▶ **Work instructions**: Copy exactly the lines of the material below that run from the one containing "May include: A yellow" through the one containing "Aerial view of". Copy no other lines.

***** Record extracts *****

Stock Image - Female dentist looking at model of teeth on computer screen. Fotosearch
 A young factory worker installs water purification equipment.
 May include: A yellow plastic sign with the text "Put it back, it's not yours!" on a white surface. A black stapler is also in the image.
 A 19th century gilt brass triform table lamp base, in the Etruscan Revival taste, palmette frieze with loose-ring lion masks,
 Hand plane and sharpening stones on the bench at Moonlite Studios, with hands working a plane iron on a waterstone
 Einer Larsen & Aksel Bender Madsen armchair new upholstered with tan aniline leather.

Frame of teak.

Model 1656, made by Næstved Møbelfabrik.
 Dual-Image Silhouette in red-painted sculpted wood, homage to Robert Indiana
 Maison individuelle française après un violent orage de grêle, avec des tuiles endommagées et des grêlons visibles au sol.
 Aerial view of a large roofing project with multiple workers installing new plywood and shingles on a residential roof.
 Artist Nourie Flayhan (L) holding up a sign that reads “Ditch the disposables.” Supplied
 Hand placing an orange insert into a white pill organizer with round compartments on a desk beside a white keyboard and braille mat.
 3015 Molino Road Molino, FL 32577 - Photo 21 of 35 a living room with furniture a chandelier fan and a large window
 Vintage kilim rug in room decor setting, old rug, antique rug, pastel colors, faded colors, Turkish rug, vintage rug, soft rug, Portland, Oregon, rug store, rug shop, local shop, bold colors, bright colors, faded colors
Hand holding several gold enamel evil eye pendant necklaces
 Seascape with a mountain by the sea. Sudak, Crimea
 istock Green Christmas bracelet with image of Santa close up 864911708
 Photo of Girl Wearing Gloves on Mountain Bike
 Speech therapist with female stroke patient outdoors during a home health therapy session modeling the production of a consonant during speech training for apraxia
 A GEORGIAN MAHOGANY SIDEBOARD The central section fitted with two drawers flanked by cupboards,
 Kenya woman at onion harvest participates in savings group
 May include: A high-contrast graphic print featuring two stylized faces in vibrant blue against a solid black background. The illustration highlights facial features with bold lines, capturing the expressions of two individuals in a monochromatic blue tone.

*****

▶ **Solution**:
 May include: A yellow plastic sign with the text "Put it back, it's not yours!" on a white surface. A black stapler is also in the image.
 A 19th century gilt brass triform table lamp base, in the Etruscan Revival taste, palmette frieze with loose-ring lion masks,
 Hand plane and sharpening stones on the bench at Moonlite Studios, with hands working a plane iron on a waterstone
 Einer Larsen & Aksel Bender Madsen armchair new upholstered with tan aniline leather.

Frame of teak.

Model 1656, made by Næstved Møbelfabrik.
 Dual-Image Silhouette in red-painted sculpted wood, homage to Robert Indiana
 Maison individuelle française après un violent orage de grêle, avec des tuiles endommagées et des grêlons visibles au sol.
 Aerial view of a large roofing project with multiple workers installing new plywood and shingles on a residential roof.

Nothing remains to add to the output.